このポジションは、遊泳者の気迫と息づかいがリアルに伝わってくる。
ダイナミックでスリリングであり、息を飲む瞬間も多い。

接触があれば直ぐに駆け寄り「大丈夫ですか?」と声かけと安全確認をする。
自分の心中が大丈夫でなくても、確認するので
複雑なときもある。


25メートルプールは、足が床に届くため比較的安心だが、
それでも、溺者。歩行者コースの巻き込まれ事故など夏休みには特に気を付けなければならない箇所である。


館内放送。
AED。
更衣室の巡回。
掃除。
水質調査。


そして、10分の休憩時間の中で行う水底確認。

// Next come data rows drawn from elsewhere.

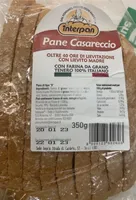 Pane casareccio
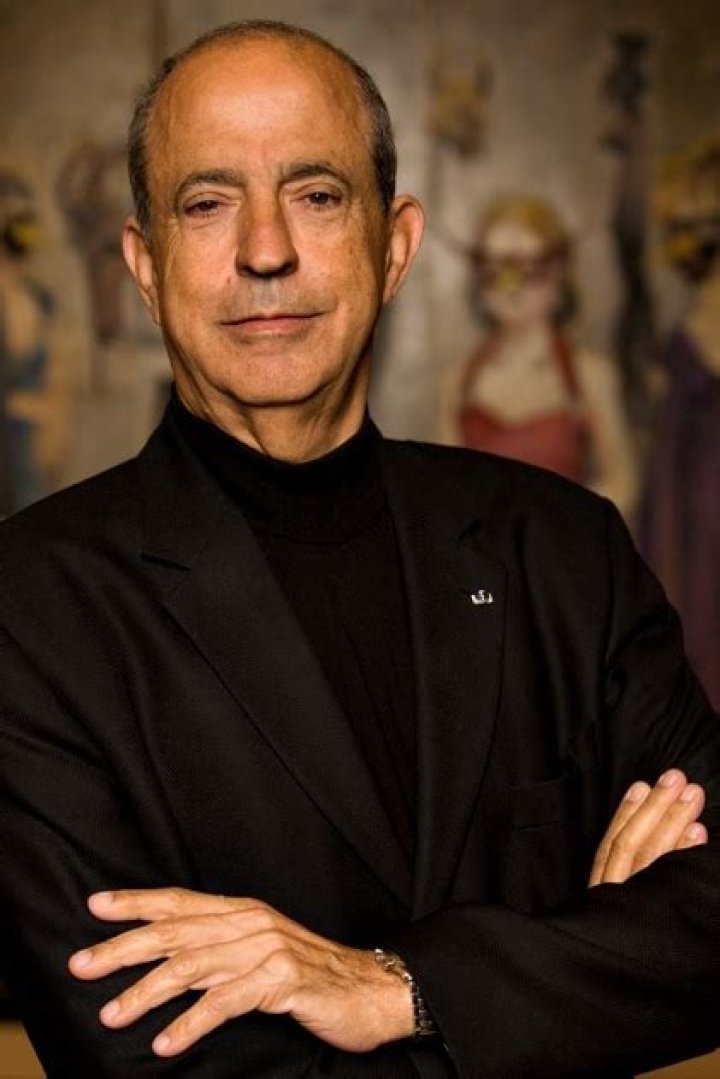 Joe Berardo Net Worth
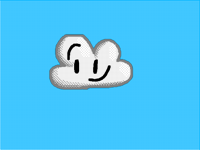 Cloudy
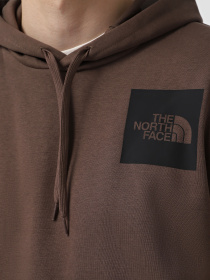 Худи The North Face Fine модель NF0A89EU1OI1 Фото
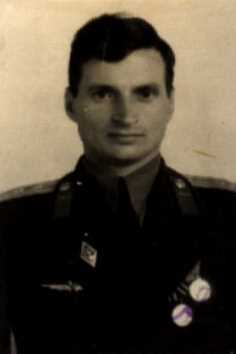 Каминский Василий Александрович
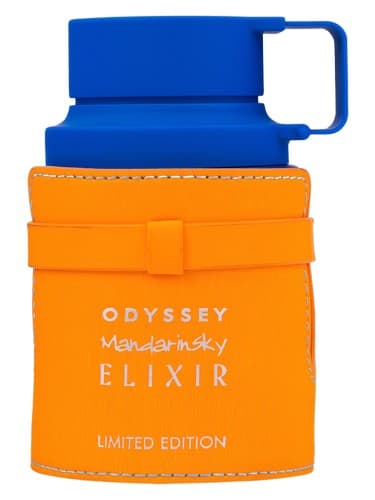 ARMAF ODYSSEY MANDARIN SKY ELIXIR
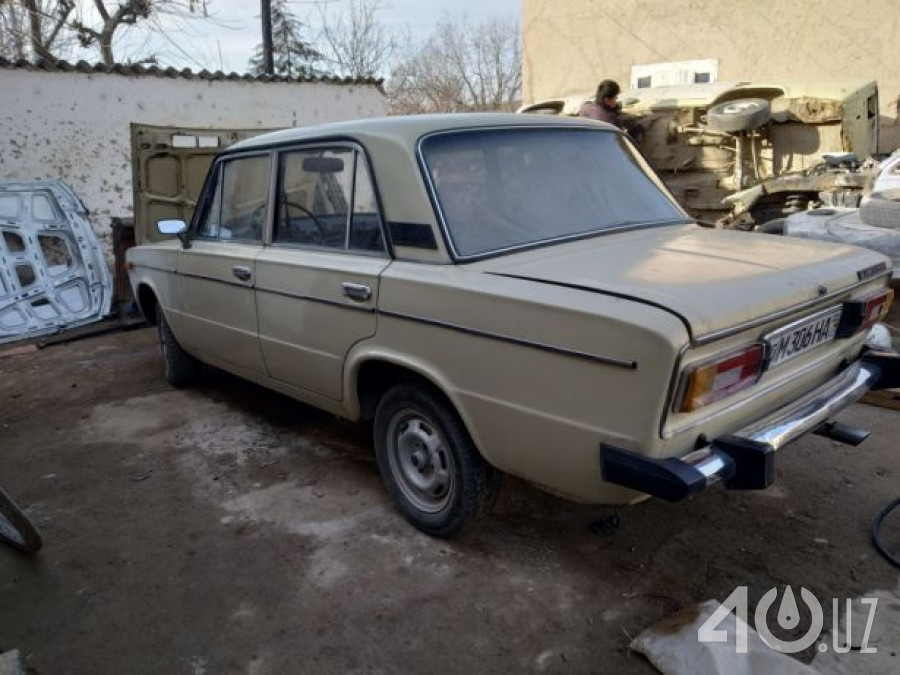 LADA (ВАЗ) 2106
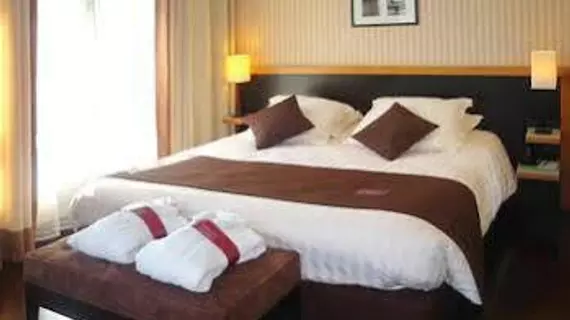 Mercure Montpellier Centre Antigone | Occitanie - Herault (bölge) - Montpellier (ve civarı) - Montpellier - Montpellier Kent Merkezi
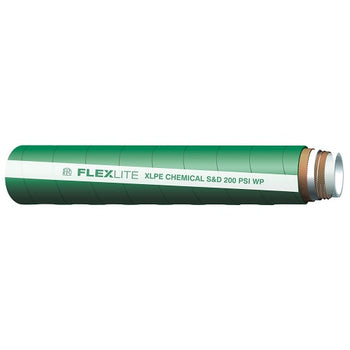 Chemical Suction Hose 100FT CHX-300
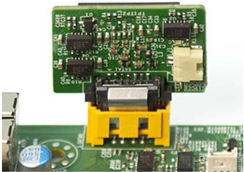 Купить Supermicro - SSD - 64 GB - intern - SATA 6Gb/s (SSD-DM064-SMCMVN1) в магазине wardena.ru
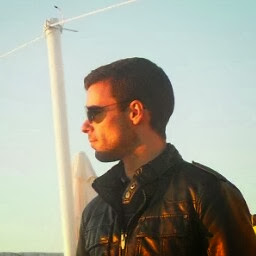 Andre Romano Photo 14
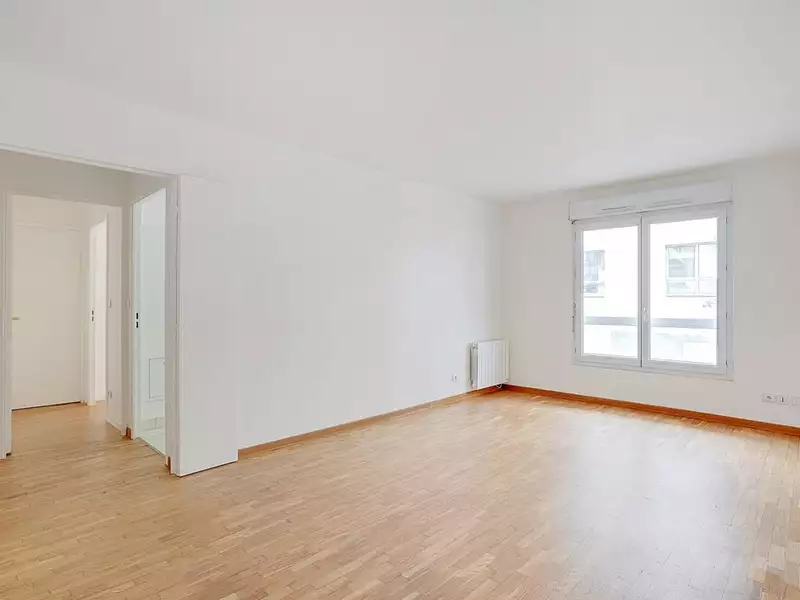Appartement, 50 m²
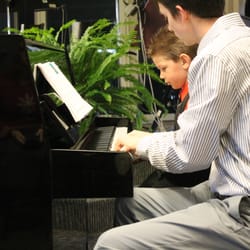 Okemos Music Academy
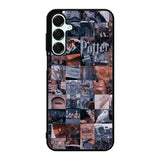 Harry Potter Samsung Galaxy A16 Case OV5154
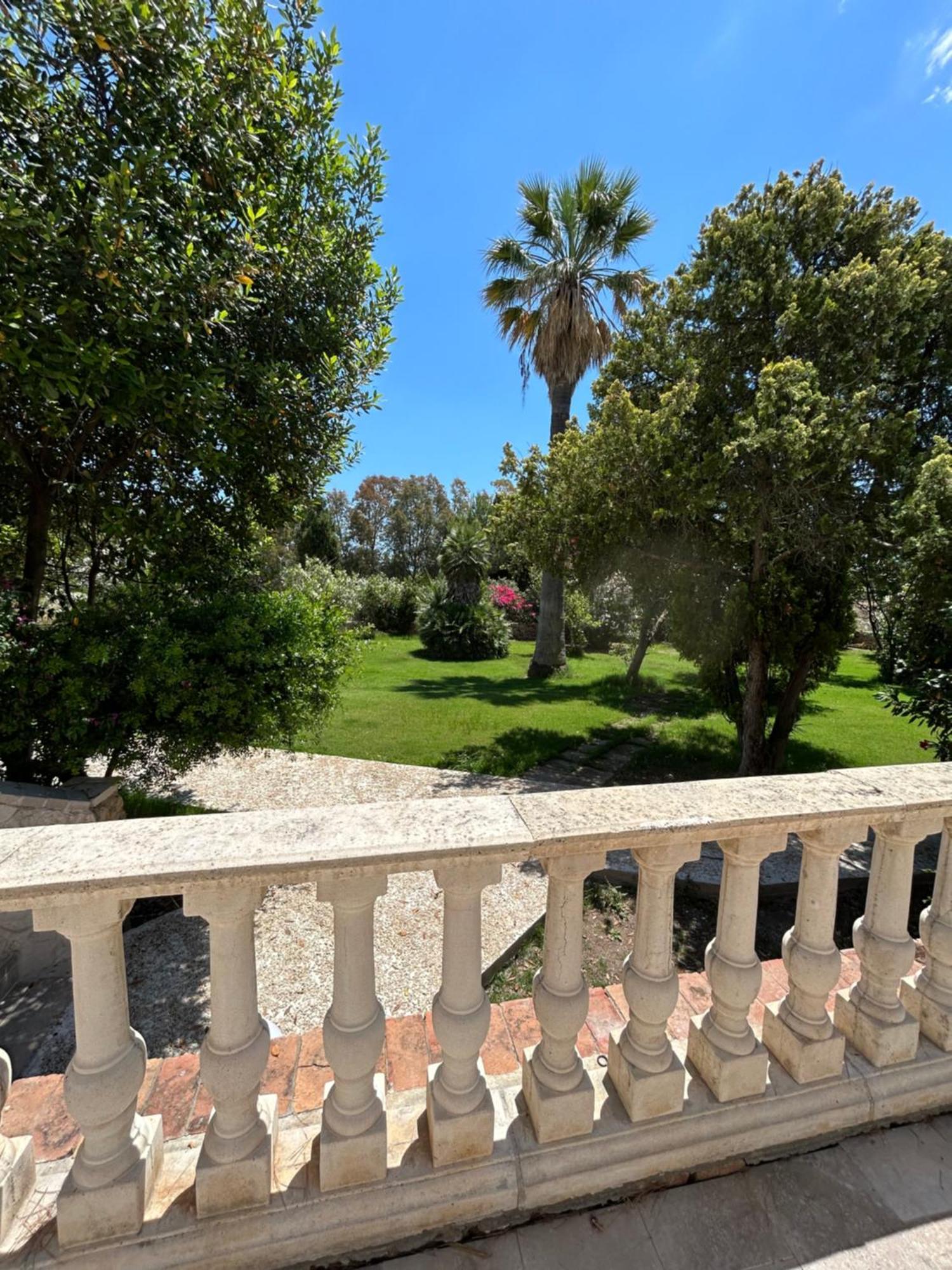 Villa Cavalieri Country Hotel Пула Екстериор снимка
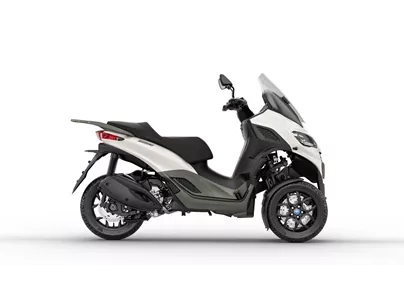 Piaggio MP3 310 2026 Piaggio MP3 310 2026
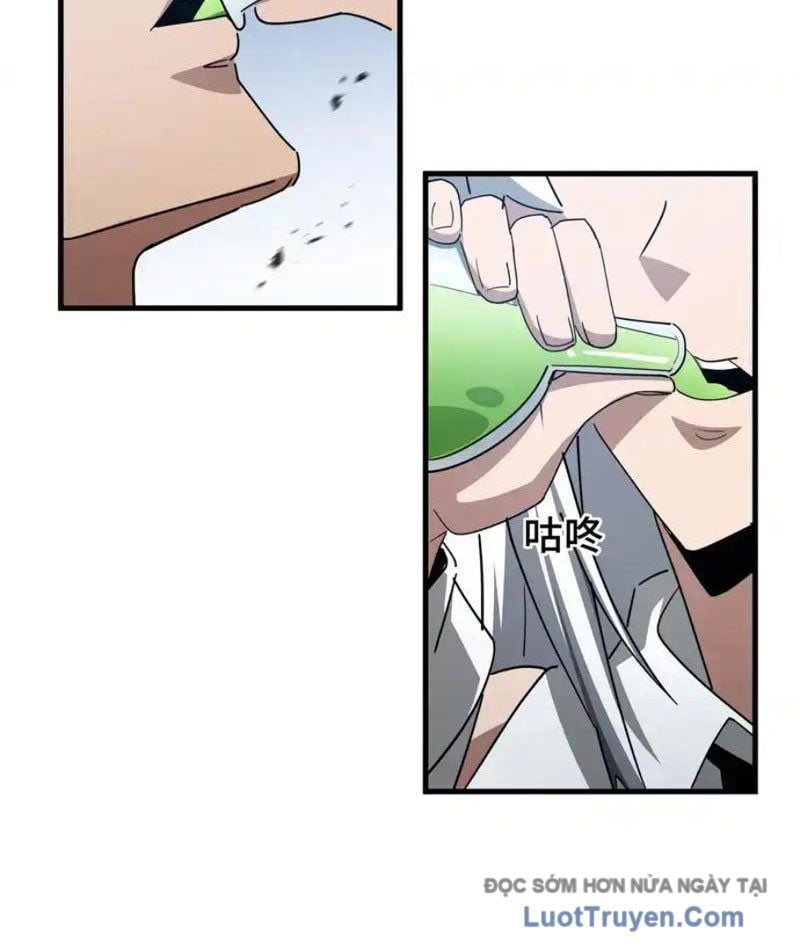 Dị Ngục Bạo Quân: Cái Bóng Của Ta Có Thể Tiến Hóa Vô Hạn Chapter 51 - Trang 2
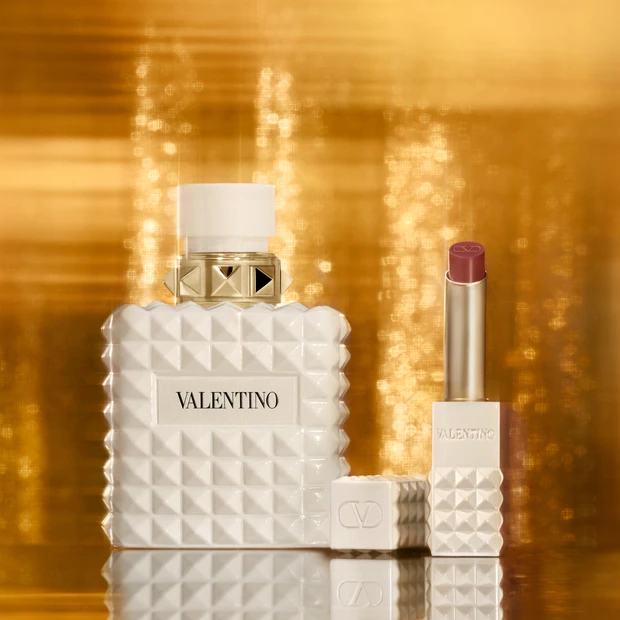 ヴァレンティノ ビューティクリスマスコフレ2025 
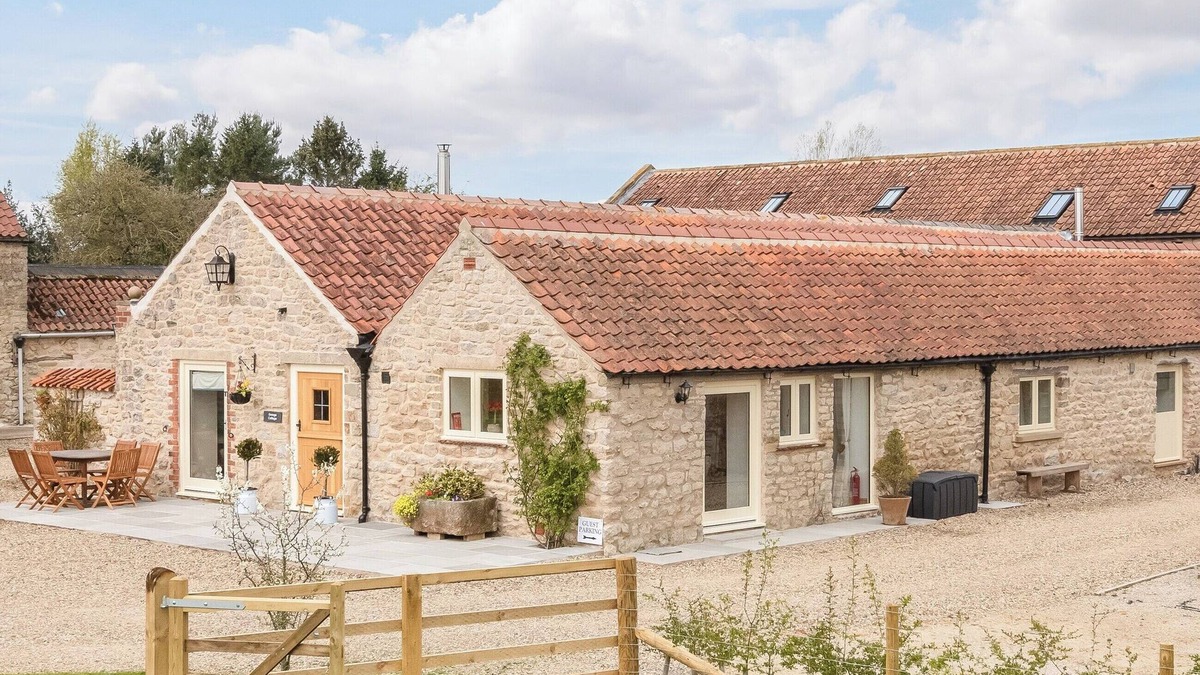 Scawton Cottage | 3 bedroom accommodation in Harome, near Helmsley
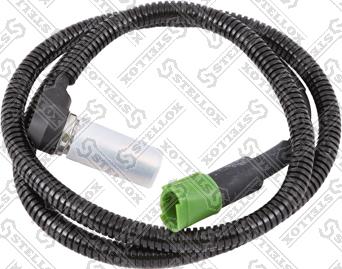 Stellox 85-50503-SX - Датчик ABS, частота обертання колеса autozip.com.ua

ライフガードの笛の合図で、遊泳者をプールサイドへ引き上げ、私たちは潜り赤台のずれや排水口に異常がないか確認する。

安全を念頭に分刻みで動いている。


死角を制するものはプールを制す。

私は、いつだってそう思ってる。
死角はいつだってそこにある。
死角は無関心と怠惰と隣合わせである。
いつだって大切なものは通り過ぎていく。
それを、気付かないふりをして後で嘆く。
後悔もため息も、誰かのせいにして愚痴を吐いてそのままにしてきた。
都合の良いことばかりを自分に並べて人を排除したり、その人の努力を見ないふりして人の死角なんて見ないふりばかりしてきた。

私は、その死角の意味をもっと知りたくなった。


トランシーバーで人数の最終確認を報告する。

右手を真上に上げる。


プールサイドで、人差し指を全ての方向に回して安全の最終確認をする。
見晴らしの良い空間が広がっている。
ここでは、すべての関係の霧が晴れそうだ。

私は、ここでひとりの人間として立っている。
死角だって私の隣にちゃんとある。
やっぱり、プールは長方形の愛すべき世界だ。